## Assignment Summary

**File Used: token_info_onchain_divers_v2.csv (~700MB)**

**Libraries Compared: Pandas, Dask, Modin (Ray)**

**Schema validated using YAML**

**Output written as pipe-separated .gz file**

**Final Output Size: ~202 MB**

**Successfully handled file ingestion, transformation, and export using scalable methods**

## ✅ Step 1: Mount Google Drive

In [None]:
from google.colab import drive
drive.mount('/content/drive')

Drive already mounted at /content/drive; to attempt to forcibly remount, call drive.mount("/content/drive", force_remount=True).

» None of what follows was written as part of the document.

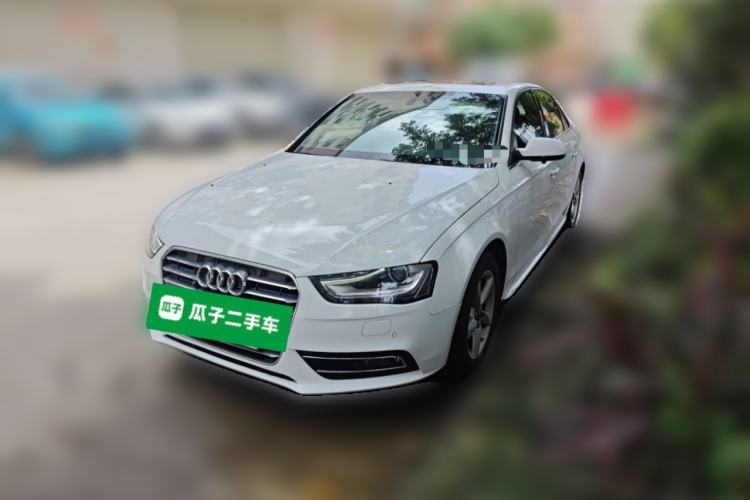 Used Audi A4L 2013 35 TFSI Automatic Comfort Model Guazi used car, China used car export, Used car for sale, Used Audi cars, Cheapest cars for sale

## ⏱️ Step 2: Install Required Libraries

In [None]:
!pip install modin[ray] -q
!pip install pyyaml -q

## ⏱️ Step 3: Imports and Setup

In [None]:
import pandas as pd
import dask.dataframe as dd
import modin.pandas as mpd
import ray
import time
import yaml
import os

## Step 4: Initialize Ray

In [None]:
ray.shutdown()
ray.init(ignore_reinit_error = True)

2025-05-18 17:27:55,972	INFO worker.py:1888 -- Started a local Ray instance.


0,1
Python version:,3.11.12
Ray version:,2.46.0


## 📁 Step 5: Set File Path

In [None]:
file_path = '/content/drive/MyDrive/archive/token_info_onchain_divers_v2.csv'
print("✅ File exists:", os.path.exists(file_path))

✅ File exists: True


## Step 6: Clean Column Name Function

In [None]:
def clean_column_names(df):
    df.columns = df.columns.str.strip().str.replace(r'[^\w]', '_', regex = True)
    return df

## 🔹 Step 7: Read with Pandas

In [None]:
start = time.time()
df_pandas = pd.read_csv(file_path)
df_pandas = clean_column_names(df_pandas)
end = time.time()
print(f"✅ Pandas load time: {end - start:.2f} seconds")

✅ Pandas load time: 25.17 seconds


## 🔹 Step 8: Read with Dask

In [None]:
start = time.time()
df_dask = dd.read_csv(file_path, assume_missing=True)
df_dask = df_dask.rename(columns=lambda x: x.strip().replace(' ', '_').replace('-', '_'))
df_dask_head = df_dask.head()  # Trigger read
end = time.time()
print(f"✅ Dask load time: {end - start:.2f} seconds")

✅ Dask load time: 7.22 seconds


## 🔹 Step 9: Read with Modin + Ray

In [None]:
start = time.time()
df_modin = mpd.read_csv(file_path)
df_modin = clean_column_names(df_modin)
end = time.time()
print(f"✅ Modin (Ray) load time: {end - start:.2f} seconds")

✅ Modin (Ray) load time: 31.29 seconds


## Step 10: YAML Schema Creation from Pandas DF

In [None]:
schema = {'separator' : ',',
          'columns' : list(df_pandas.columns)}

In [None]:
yaml_path = '/content/schema.yaml'

with open(yaml_path, 'w') as f:
  yaml.dump(schema, f)

print("✅ YAML schema saved.")

✅ YAML schema saved.


## Step 11 : Validate Columns

In [None]:
with open(yaml_path) as f:
    loaded_schema = yaml.safe_load(f)

In [None]:
if df_pandas.shape[1] == len(loaded_schema['columns']) and list(df_pandas.columns) == loaded_schema['columns']:
    print("✅ Schema validation passed.")
else:
    print("❌ Schema validation failed.")

✅ Schema validation passed.


## Step 12 : Export to Pipe-Separated gzipped File

In [None]:
output_path = '/content/drive/MyDrive/archive/processed_output.txt.gz'

df_pandas.to_csv(output_path, sep='|', index=False, compression='gzip')
print(f"✅ File written to {output_path}")

✅ File written to /content/drive/MyDrive/archive/processed_output.txt.gz


## Step 13 : File Summary

In [None]:
output_size = os.path.getsize(output_path) / (1024 * 1024)

print(f"📊 Summary:")
print(f"- Rows: {df_pandas.shape[0]}")
print(f"- Columns: {df_pandas.shape[1]}")
print(f"- Output file size: {output_size:.2f} MB")

📊 Summary:
- Rows: 1168712
- Columns: 22
- Output file size: 202.56 MB